Sleeping at a high altitude.
The effects of hypoxia (low oxygen levels) are not limited to periods of training. In fact, they’re acting on your body 24/7 when you’re at a high altitude. That means that it’s also affecting your sleep. With less oxygen to utilize, your body will recover slower at high altitudes, even during sleep.
Overtraining

Image source: ilovebicycling.com
Overtraining is a period of high training load accompanied by decreases in performance, psychological stress, demotivation, and chronic fatigue. This is what happens when you keep training harder and harder without taking adequate rest.
It is different from over-reaching, which is a well-established and proven training principle defined as the increase in training load over a few days or weeks which is followed by a period of rest that then brings performance to a higher level than before.
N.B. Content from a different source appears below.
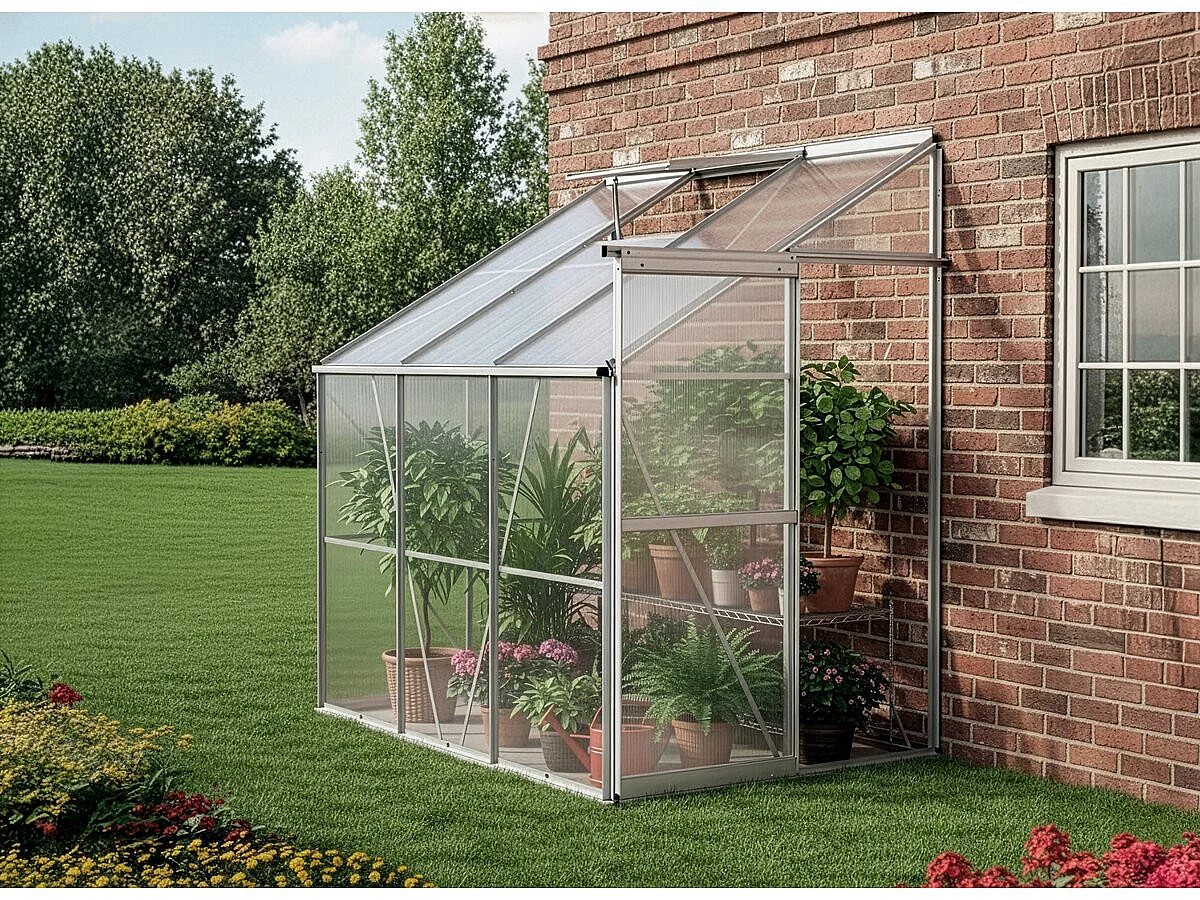 Embase en aluminium pour serre jardin "Basilic" - 2,37 m² - Gris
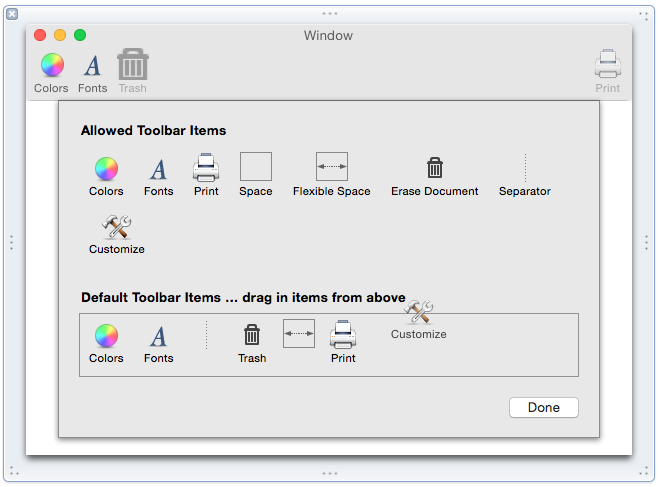 Reordering a toolbar item by dragging Reordering a toolbar item by dragging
Overtraining is when you never give yourself that period of rest when you keep on pushing, but your body never fully recovers, and your performance actually worsens rather than increases.
You can spot signs of overtraining, such as the inability to recover from a race or workout within 72 hours of its completion. And that brings up another point: overtraining is as closely related to recovery as it is to training.
Some of the best pro cyclists in the world say that it is not possible for them to overtrain, but it is possible for them to under-recover.
When we’re talking about overtraining, we’re talking about the body’s inability to recover from training. Keep that in mind when life gets especially busy or stressful.
Even if you’re training the same amount as before, you could be under-recovering because of all the extra stress your body is experiencing outside of cycling.
It can take weeks, even months, to recover from overtraining. The next step up is complete burnout, which can take months or years to recover from.
Here’s what to look for to spot overtraining:
- Chronic fatigue
- Demotivation
- Plateau in performance (over weeks or months)
- Irritability and mood swings
- Inability to recover from hard racing or training sessions within 72 hours
In terms of specific scientific metrics, you can also spot signs of overtraining in:
- Increased resting heart rate
- Weight and muscle loss
- Poor sleep
- Increased cortisol
- Decreased testosterone
- Decreased glycogen levels
Training is tricky because you need to go through periods of overreaching in order to improve, without ever reaching the point of overtraining.
This is where coaches and structured training plans come in. Using these outside sources, you can control your training load, while also building in crucial rest periods which will help your body recover and for your performance to improve.
Avoiding Overtraining
A good rule of thumb is to take at least one day of rest per week (no cycling, no gym sessions, no running), and one “rest week” every few weeks. A “rest week” is characterized by a marked decrease in training load, such as the reduction of weekly training volume by 30-50%.
In other words, if you’re used to training 8-10 hours/week, once a month, you should have a “rest week” where you ride only 4-6 hours.
You can still do the same amount of intensity. In order to maximize your long-term fitness gains, you actually should. But make sure to cut your weekly volume, and maybe skip the long ride over the weekend.
This structure will allow your body the time it needs to recover, while also being short enough to not lose the fitness that you have been working so hard to build up.